At noon on February 20, 2016, a tour group watched as the world’s largest astronomical clock, the Bell Tower of the Cathedral of Messina, put on a 12-minute display that has told the civil and religious story of the town with a multifaceted system of counterbalances, weights and mechanisms since its inauguration in 1933.

The Orologio astronomico di Messina

As part of an Information, Tickets and Tours (ITT) trip that is exclusive to military members, the group was led by Sicilian tour guide Tania Nava, who was born and raised in the town and blended her knowledge of the province with the historical events to create an informational and engaging trip.

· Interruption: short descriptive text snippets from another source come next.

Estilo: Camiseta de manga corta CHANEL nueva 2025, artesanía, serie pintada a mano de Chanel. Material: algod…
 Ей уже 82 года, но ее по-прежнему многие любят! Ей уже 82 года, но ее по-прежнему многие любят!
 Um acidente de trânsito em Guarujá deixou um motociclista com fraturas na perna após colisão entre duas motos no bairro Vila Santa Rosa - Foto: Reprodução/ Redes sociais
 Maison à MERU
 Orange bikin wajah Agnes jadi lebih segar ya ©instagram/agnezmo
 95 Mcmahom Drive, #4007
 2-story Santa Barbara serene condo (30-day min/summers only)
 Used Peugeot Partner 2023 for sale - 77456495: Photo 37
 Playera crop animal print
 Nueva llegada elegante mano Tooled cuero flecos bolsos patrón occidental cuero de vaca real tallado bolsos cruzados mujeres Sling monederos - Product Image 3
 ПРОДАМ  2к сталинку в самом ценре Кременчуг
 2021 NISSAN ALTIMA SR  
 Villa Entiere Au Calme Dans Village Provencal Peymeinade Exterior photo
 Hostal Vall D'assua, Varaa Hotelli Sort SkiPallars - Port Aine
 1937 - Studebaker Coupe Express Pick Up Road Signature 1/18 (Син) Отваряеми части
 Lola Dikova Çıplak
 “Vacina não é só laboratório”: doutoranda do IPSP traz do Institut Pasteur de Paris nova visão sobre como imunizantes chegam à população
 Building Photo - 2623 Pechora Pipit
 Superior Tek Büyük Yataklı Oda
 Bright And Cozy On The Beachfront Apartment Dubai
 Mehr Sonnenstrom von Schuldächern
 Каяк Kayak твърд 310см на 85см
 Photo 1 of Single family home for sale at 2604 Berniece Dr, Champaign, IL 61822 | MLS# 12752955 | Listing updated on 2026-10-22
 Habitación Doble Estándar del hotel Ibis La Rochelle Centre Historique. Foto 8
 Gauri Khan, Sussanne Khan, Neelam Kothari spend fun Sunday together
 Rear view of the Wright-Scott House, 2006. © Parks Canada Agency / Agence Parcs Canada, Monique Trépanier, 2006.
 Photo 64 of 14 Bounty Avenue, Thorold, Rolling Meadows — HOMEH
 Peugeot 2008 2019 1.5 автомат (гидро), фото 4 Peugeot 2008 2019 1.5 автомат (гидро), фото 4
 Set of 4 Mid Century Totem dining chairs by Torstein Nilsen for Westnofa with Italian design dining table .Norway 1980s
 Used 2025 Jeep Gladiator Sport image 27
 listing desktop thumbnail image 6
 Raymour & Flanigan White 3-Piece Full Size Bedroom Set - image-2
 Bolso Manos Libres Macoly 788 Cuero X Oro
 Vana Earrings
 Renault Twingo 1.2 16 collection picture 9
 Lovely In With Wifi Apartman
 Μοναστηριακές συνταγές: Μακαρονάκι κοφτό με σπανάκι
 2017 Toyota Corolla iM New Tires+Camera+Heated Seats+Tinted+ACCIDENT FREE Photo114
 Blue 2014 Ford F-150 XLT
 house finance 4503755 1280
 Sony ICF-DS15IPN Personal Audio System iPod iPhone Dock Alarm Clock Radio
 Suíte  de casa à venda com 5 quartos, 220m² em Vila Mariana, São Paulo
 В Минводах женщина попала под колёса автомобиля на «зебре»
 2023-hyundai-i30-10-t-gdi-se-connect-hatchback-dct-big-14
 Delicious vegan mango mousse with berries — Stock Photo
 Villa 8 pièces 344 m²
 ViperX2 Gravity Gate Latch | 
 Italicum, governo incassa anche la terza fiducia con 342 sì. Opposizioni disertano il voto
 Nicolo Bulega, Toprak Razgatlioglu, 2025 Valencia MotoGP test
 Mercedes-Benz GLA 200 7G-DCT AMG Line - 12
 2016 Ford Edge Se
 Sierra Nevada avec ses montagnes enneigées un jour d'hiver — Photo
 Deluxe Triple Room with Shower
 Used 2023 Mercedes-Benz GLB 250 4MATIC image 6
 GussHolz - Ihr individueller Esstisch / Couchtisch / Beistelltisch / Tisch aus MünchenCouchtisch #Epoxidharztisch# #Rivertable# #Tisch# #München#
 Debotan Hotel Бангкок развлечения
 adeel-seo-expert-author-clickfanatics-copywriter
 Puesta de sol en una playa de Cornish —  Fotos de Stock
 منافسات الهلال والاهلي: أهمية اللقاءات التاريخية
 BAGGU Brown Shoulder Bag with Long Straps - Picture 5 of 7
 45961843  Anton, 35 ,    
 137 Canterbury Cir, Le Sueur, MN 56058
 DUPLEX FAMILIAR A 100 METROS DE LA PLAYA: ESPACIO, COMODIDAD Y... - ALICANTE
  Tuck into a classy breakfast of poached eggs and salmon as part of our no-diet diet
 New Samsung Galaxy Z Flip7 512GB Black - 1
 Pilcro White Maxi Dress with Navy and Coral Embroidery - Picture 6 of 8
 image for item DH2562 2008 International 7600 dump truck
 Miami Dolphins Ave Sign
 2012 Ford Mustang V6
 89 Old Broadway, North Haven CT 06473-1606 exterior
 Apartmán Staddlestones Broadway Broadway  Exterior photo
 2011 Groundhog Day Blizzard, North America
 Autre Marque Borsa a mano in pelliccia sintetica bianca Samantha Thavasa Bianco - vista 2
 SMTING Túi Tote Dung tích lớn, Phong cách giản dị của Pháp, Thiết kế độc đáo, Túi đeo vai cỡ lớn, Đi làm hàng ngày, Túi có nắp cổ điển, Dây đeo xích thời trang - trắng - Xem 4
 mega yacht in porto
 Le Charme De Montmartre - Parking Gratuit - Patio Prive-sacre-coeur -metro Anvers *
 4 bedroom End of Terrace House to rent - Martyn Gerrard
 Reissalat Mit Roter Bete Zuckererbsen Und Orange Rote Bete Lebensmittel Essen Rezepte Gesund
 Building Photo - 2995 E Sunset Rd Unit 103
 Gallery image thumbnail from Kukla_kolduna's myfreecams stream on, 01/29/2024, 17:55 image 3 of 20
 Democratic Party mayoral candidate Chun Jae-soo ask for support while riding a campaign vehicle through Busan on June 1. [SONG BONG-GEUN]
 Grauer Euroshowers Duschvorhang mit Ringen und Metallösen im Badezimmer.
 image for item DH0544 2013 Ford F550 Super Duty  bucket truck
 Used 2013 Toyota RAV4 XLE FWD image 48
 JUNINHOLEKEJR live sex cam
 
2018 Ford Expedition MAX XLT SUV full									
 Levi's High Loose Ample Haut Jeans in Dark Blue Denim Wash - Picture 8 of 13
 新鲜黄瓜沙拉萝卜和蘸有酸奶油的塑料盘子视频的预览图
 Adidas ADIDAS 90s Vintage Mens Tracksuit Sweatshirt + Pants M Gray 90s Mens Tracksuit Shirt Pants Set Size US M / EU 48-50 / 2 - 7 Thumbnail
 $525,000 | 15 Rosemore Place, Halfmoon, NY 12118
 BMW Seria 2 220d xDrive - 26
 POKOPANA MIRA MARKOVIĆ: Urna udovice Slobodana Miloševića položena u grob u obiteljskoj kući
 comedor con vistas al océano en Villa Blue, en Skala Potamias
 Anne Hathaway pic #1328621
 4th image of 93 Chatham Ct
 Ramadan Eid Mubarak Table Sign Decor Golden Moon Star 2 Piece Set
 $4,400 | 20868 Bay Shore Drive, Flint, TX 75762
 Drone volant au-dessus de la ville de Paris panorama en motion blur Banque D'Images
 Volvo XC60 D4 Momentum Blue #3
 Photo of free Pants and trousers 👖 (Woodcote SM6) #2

“I grew up learning about our history and about our cultural in school,” said Nava. “It is my delight to share these stories with people who are eager to learn and explore the beautiful Sicilian cities and countryside.”

Nava explained the history of the clock tower during the tour. She said that it was designed by the firm Ungerer of Strasbourg and inaugurated in 1933. To date, it is the city’s main attraction. The theme and significance of the clock is the story it tells of a prodigious war that started in 1282.

“There are several important components of the Bell Tower at the Cathedral,” said Nava. “the rooster represents the army that was sent over by the pope, together with the French troops. The lion represents the population of Sicily. The two women are Dina and Clarenza, which represent the women of Sicily who helped out the Sicilians during the war against the pope army and the French. You have the parade of the days of the week, represented by a Greek god. There are four statues that represent he stages of life, the child grown out to the old age. Then you have the dove that flies over the desert area. One of the legends is that when the dove was flying over this rough and unpopulated area, he settled at one spot to mark it and so the church was built, and this is the site of the last battle of the war.”


Military members enjoyed hearing about the history and were impressed with the intricacy of the design and mechanisms.

“Even though none of the original sound still works, it was a spectacle to see,” said Aviation Administrationman Second Class Alexandria Galosi, one of the participants on the tour. “My favorite part was near the end when they played Ave Maria by Schubert. That really makes the whole show extremely touching, powerful. You feel it in your stomach so to speak.”